Short web captions:

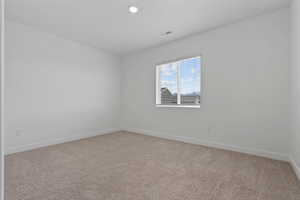 Carpeted interior space featuring a window with blinds, recessed ceiling lighting, and white walls with matching baseboards
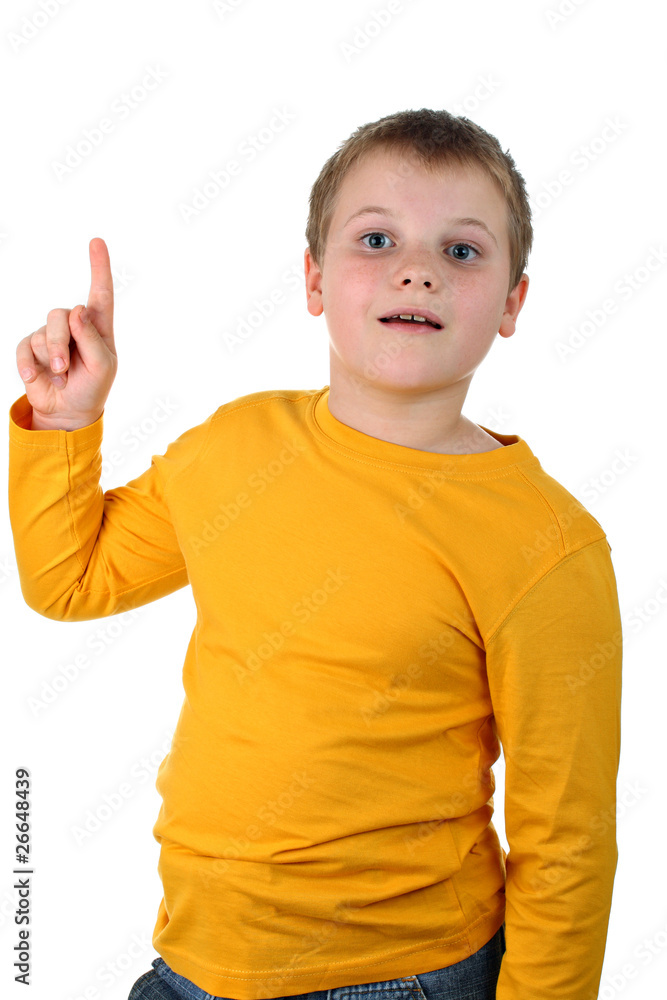 Delighted young boy points his finger up isolated on white Delighted young boy points his finger up isolated on white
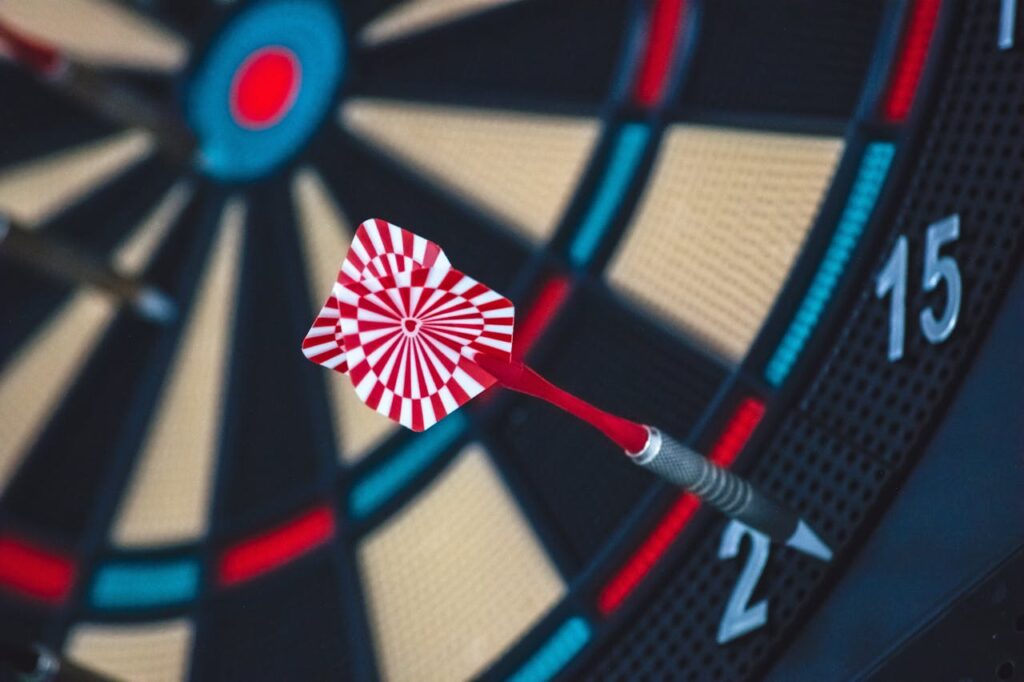 pexels-photo-262438 A dart striking the bullseye on a dartboard, showcasing precision and accuracy.
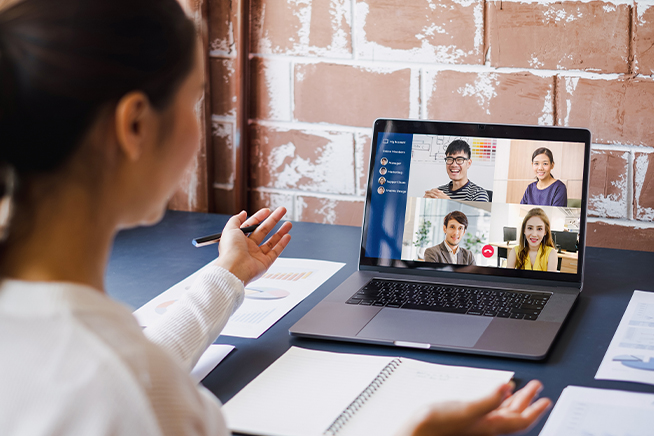 Woman attending a zoom meeting.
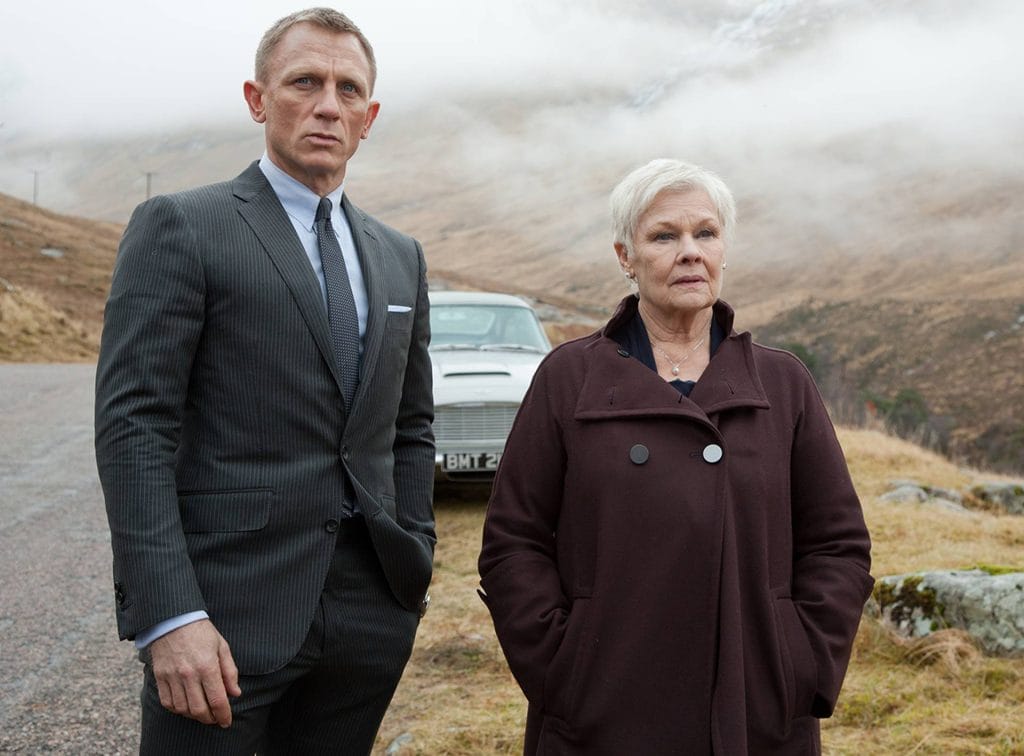 A screenshot from the 2012 James Bond movie Skyfall, showing Daniel Craig portraying James Bond next to Judi Dench portraying M. They wear suits and stand in a cold mountain valley in front of Bond's Aston Martin. This image is in an article about the character of Moneypenny in James Bond movies and video games.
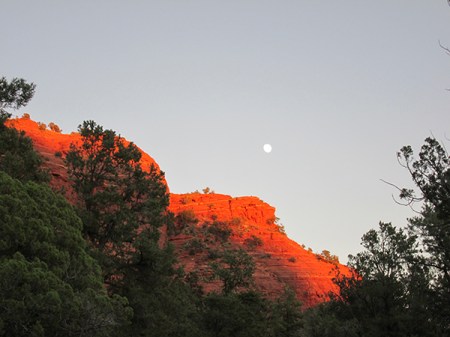 Sugarloaf lit up with the moon above it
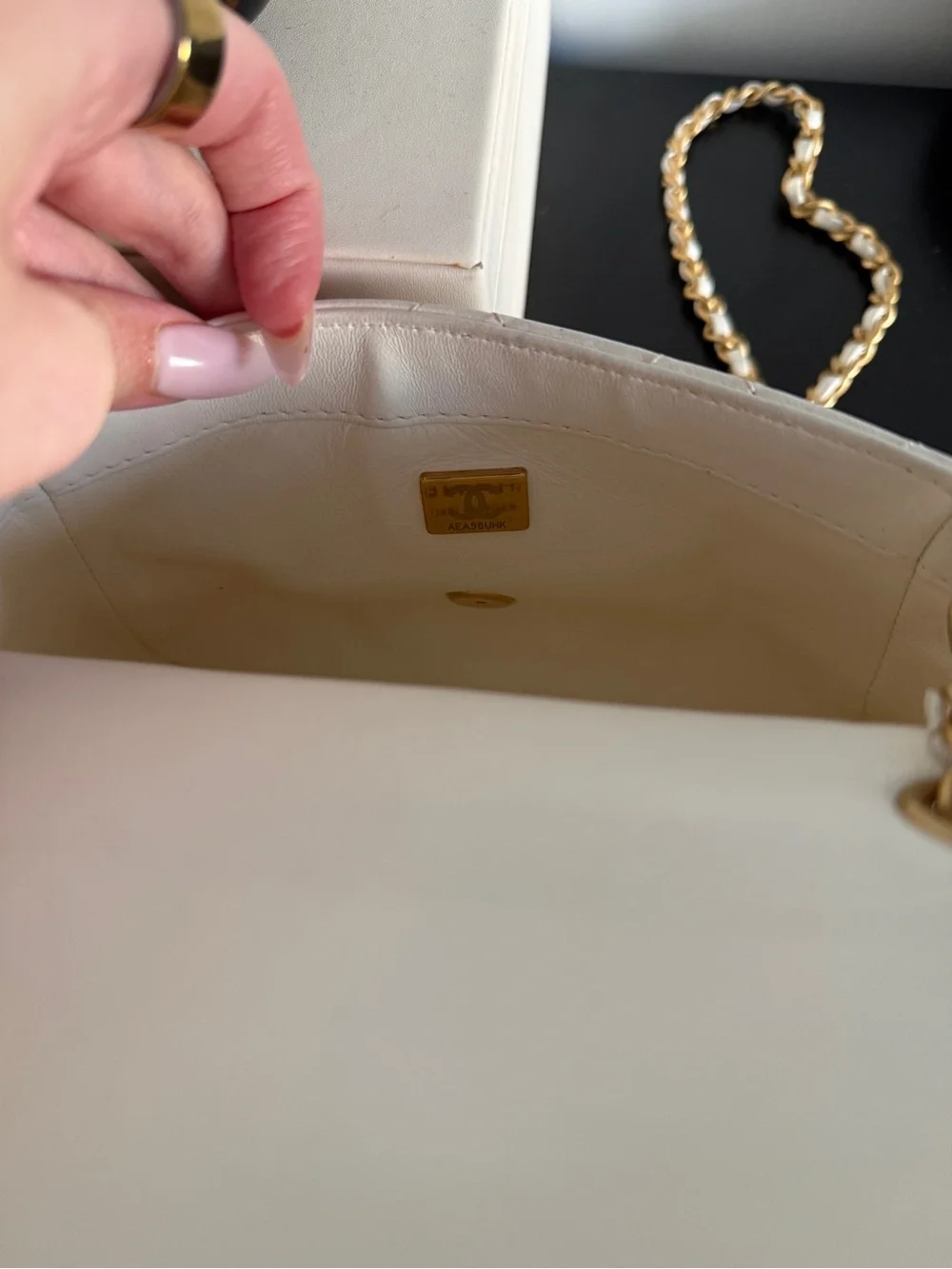CHANEL White Quilted Mini Flap Bag with Gold Chain and CC Turn-Lock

Task goal: Only the lines from the line containing "Woman attending a zoom meeting." through the last line of the entries above should be reproduced, word for word and without pictures.

Finished task:
 Woman attending a zoom meeting.
 A screenshot from the 2012 James Bond movie Skyfall, showing Daniel Craig portraying James Bond next to Judi Dench portraying M. They wear suits and stand in a cold mountain valley in front of Bond's Aston Martin. This image is in an article about the character of Moneypenny in James Bond movies and video games.
 Sugarloaf lit up with the moon above it
CHANEL White Quilted Mini Flap Bag with Gold Chain and CC Turn-Lock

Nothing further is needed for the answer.